That sounds fascinating! How often does your team have to leap into action?

aaronblohowiak · on June 3, 2019

We don’t usually discuss the frequency of unplanned failovers, but I will tell you that we do a planned failover at least every two weeks. The team also uses traffic shaping to perform whole system load tests with production traffic, which happens quarterly.

justinator · on June 3, 2019

Do you do any chaos testing? Seems like it would slot right in, there.

Zobat · on June 3, 2019

I'd say yes. I heard about this tool just a week ago at a developer conference.

https://github.com/Netflix/chaosmonkey

a_t48 · on June 3, 2019

Netflix was a pioneer of chaos testing, right? https://en.m.wikipedia.org/wiki/Chaos_engineering

aaronblohowiak · on June 3, 2019

https://www.oreilly.com/library/view/chaos-engineering/97814... ;)

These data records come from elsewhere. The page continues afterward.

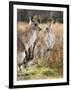 Eastern Grey Kangaroos, Kosciuszko National Park, New South Wales, Australia-Jochen Schlenker-Framed Photographic Print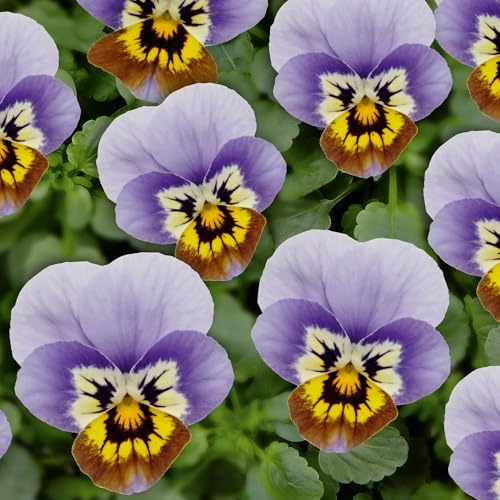 Viola 'Ice Babies Marina'. Plug Plant x6. Winter flowering bedding plants for hanging baskets. Bedwen Plants Online Garden Centre.
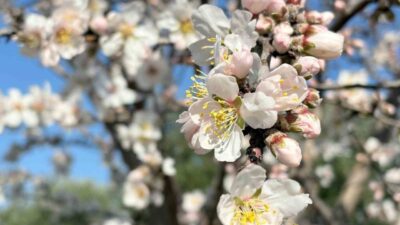 Manisa’da şubat ayında erken açan meyve ağaçları üreticiyi tedirgin etti.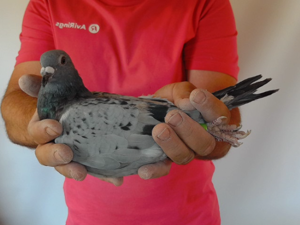 Pigeon image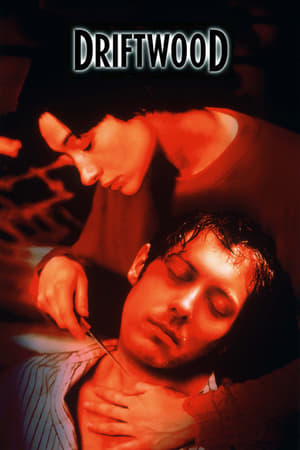 Poster Driftwood (1997)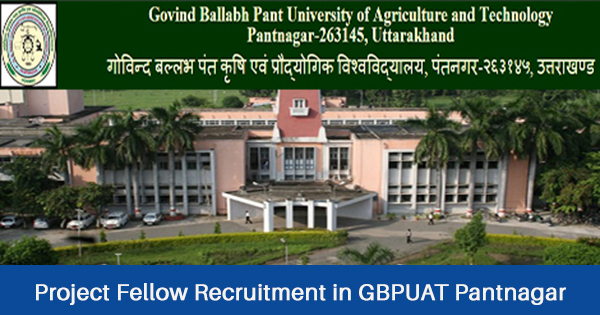 Project Fellow Recruitment in GBPUAT Pantnagar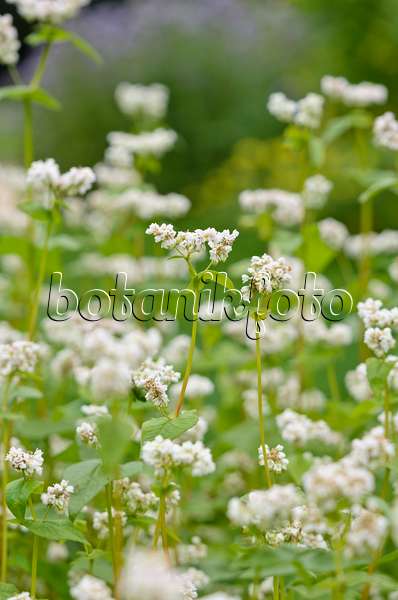 521298 - Common buckwheat (Fagopyrum esculentum)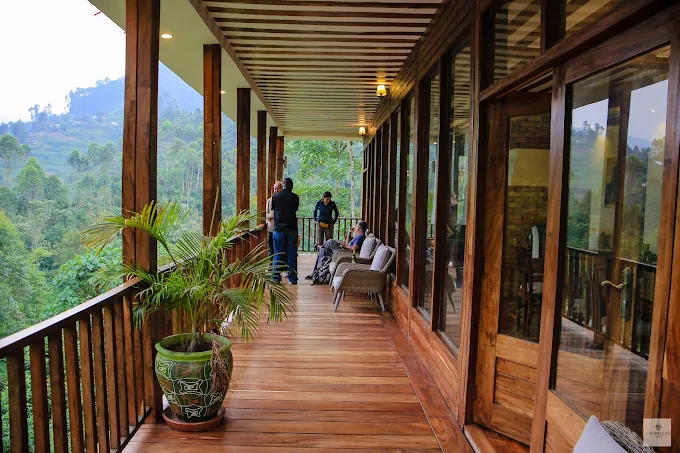 How Much Is a Gorilla Trekking Permit in Uganda? Accommodation near Bwindi gorilla trekking areas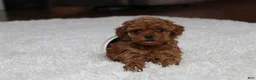 Toy Poodle dogs for sale: Teacup Aubrey - Ad 12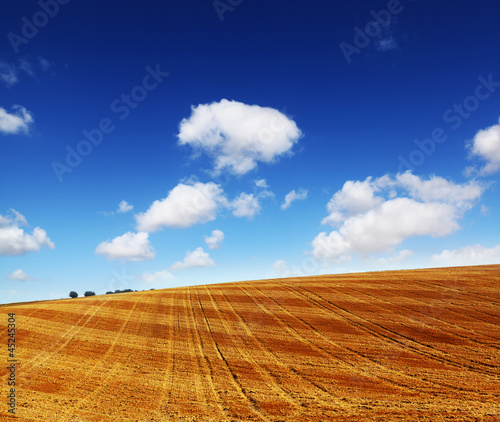 Photo: cut wheat field cut wheat field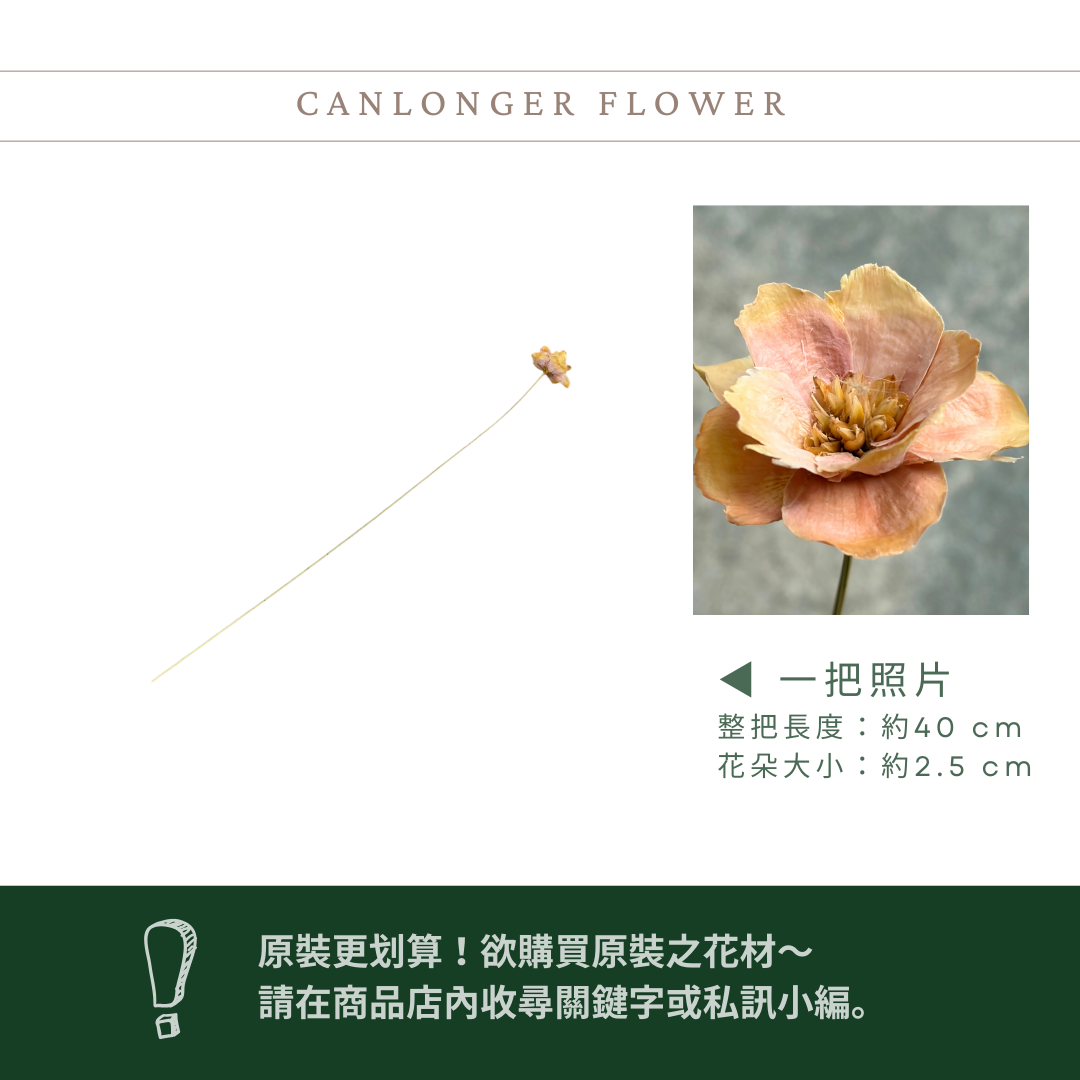 SH56S 手工銀連花 單支｜9種顏色！A級乾燥花材料包 手工花主花 永生花 不凋花瓜子花花材 花束花材 花藝師必買
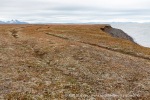 170712c_Erdmannodden_02_N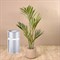 Очиститель воздуха Kyvol Vigoair P5 Air Purifier EA320 Серебристый с Wi-Fi M189801 - фото 3451767 Очиститель воздуха Kyvol Vigoair P5 Air Purifier EA320 Серебристый с Wi-Fi M189801 - фото 3451767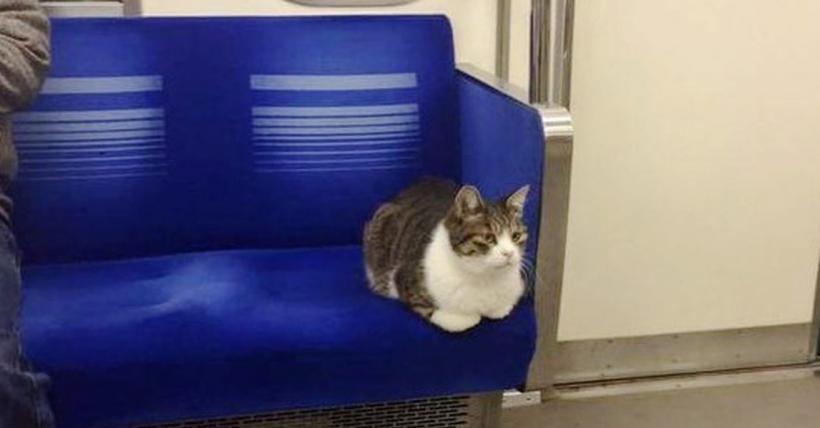 O pisică se plimbă de trei ani cu metroul din Tokyo 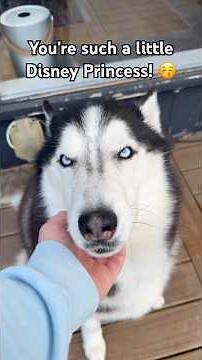 Huskies really do be making friends with every creature in the animal kingdom. 🐺🐌😙 #husky
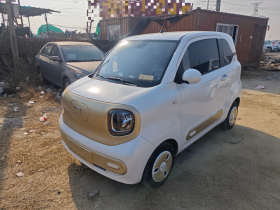 奔腾小马 2025款 222km 灵动马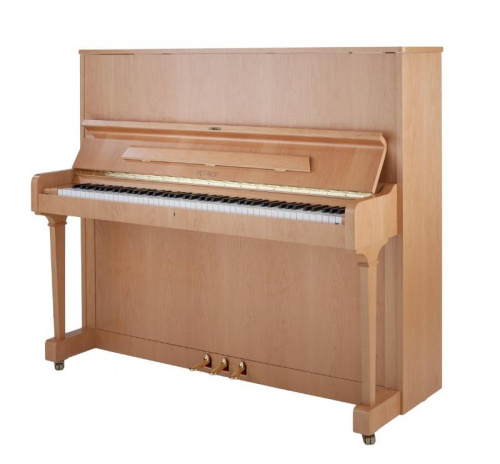 Акустическое фортепиано P125F1-8107 - JCS.UA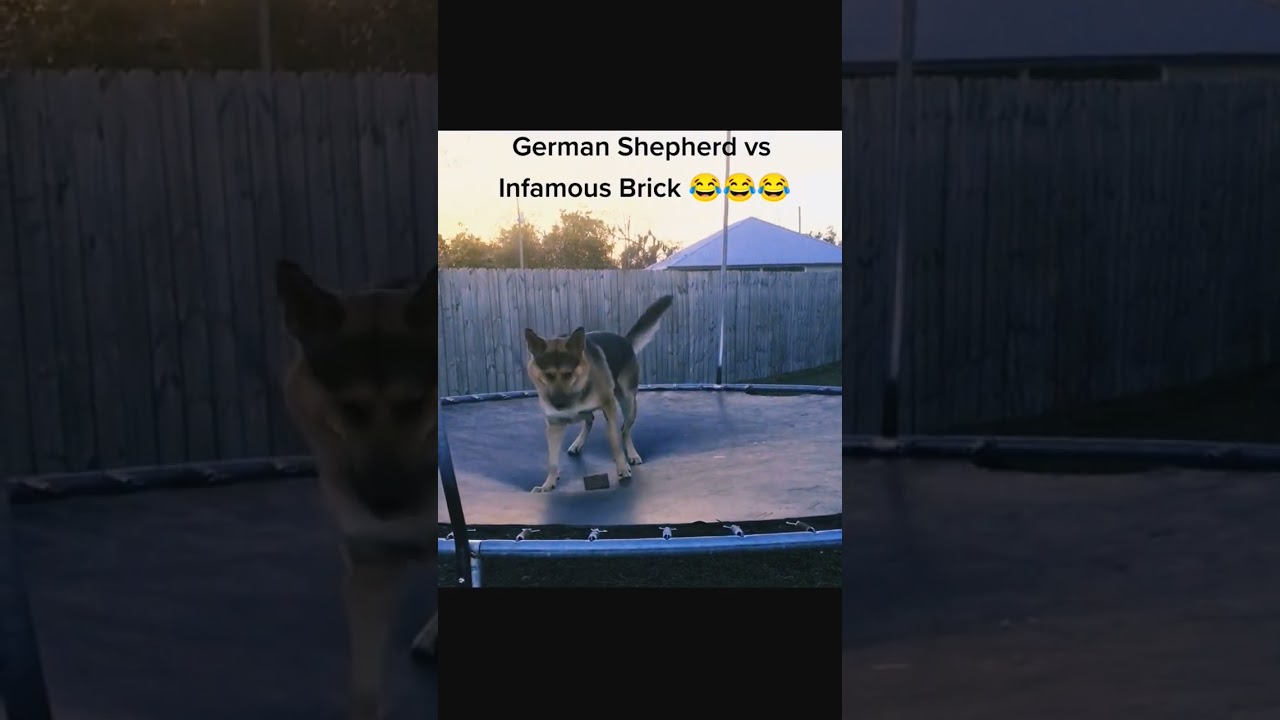 German Shepherd Vs Brick 😂😂😂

arainwater · on June 3, 2019

they have invented the term, so probably yes :)

azimuth11 · on June 3, 2019

I think some Google engineers published a free Meap book on service relatability and uptime guarantees. Seemingly counterintuitive, scheduling downtime, without other teams’ prior knowledge, encourages teams to handle outages properly and reduce single points of failure, among other things.

fnord123 · on June 3, 2019

Service Reliability Engineering is on OReilly press. It's a good book. Up there with ZeroMQ and Data Intensive Applications as maybe the best three books from OReilly in the past ten years.

fnord123 · on June 3, 2019

Derp, Site Reliability Engineering.

https://landing.google.com/sre/books/